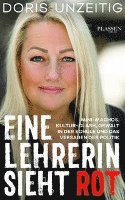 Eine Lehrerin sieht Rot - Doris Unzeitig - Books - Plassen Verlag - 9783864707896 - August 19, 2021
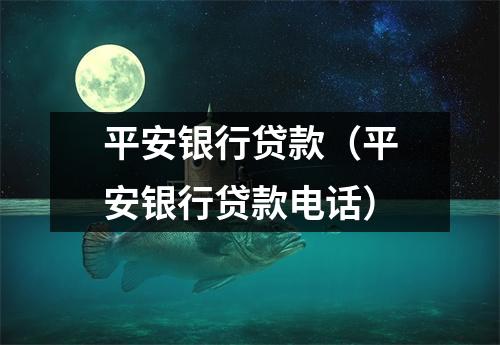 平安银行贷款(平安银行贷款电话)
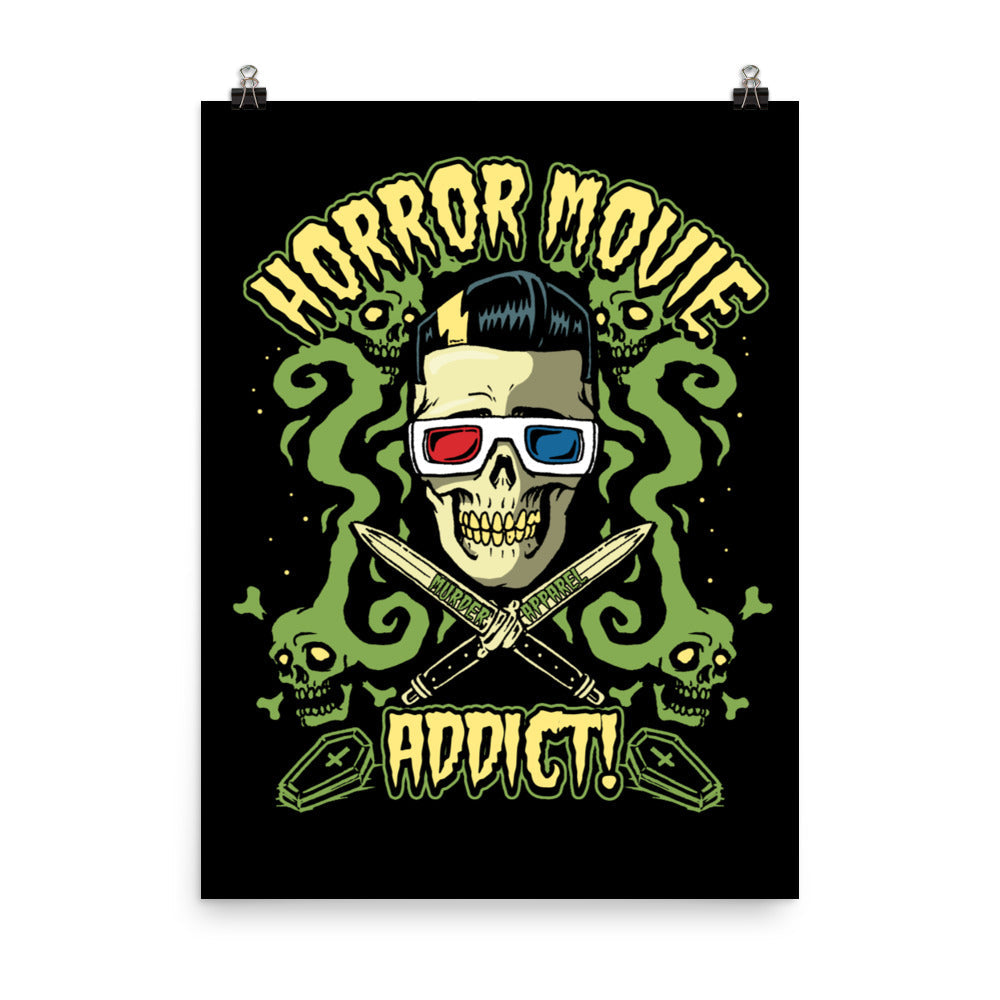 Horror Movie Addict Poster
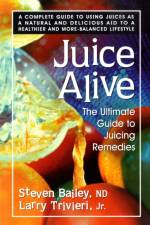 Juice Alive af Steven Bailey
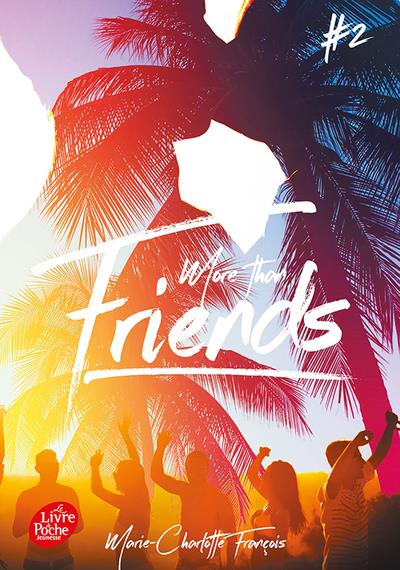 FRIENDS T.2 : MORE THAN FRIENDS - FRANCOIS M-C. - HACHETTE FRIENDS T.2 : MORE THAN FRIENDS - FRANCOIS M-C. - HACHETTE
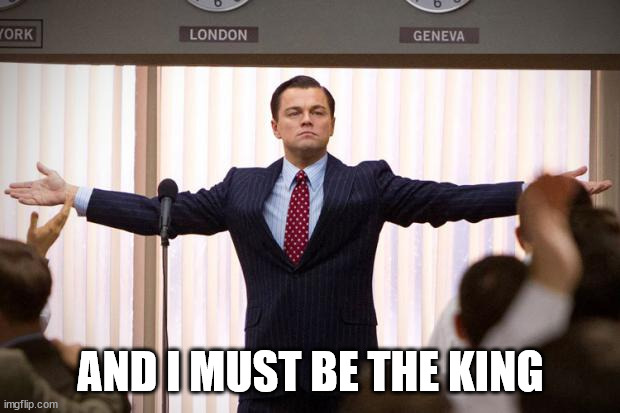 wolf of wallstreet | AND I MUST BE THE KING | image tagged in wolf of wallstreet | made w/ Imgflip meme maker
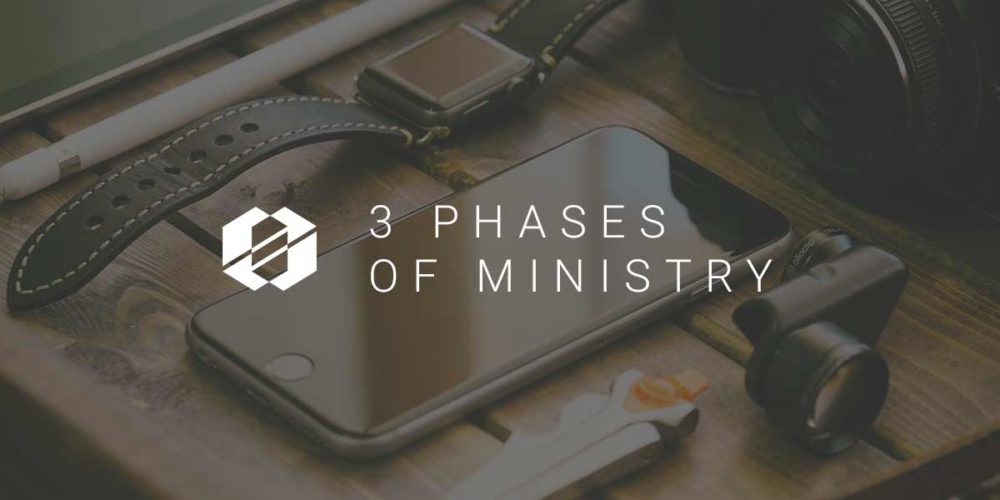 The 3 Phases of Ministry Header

- _Task objective_
Excluding the pictures, write out exactly the lines from the line that contains "Juice Alive af Steven Bailey" through the end of the records.

- _Exercise result_
 Juice Alive af Steven Bailey
 FRIENDS T.2 : MORE THAN FRIENDS - FRANCOIS M-C. - HACHETTE FRIENDS T.2 : MORE THAN FRIENDS - FRANCOIS M-C. - HACHETTE
 wolf of wallstreet | AND I MUST BE THE KING | image tagged in wolf of wallstreet | made w/ Imgflip meme maker
 The 3 Phases of Ministry Header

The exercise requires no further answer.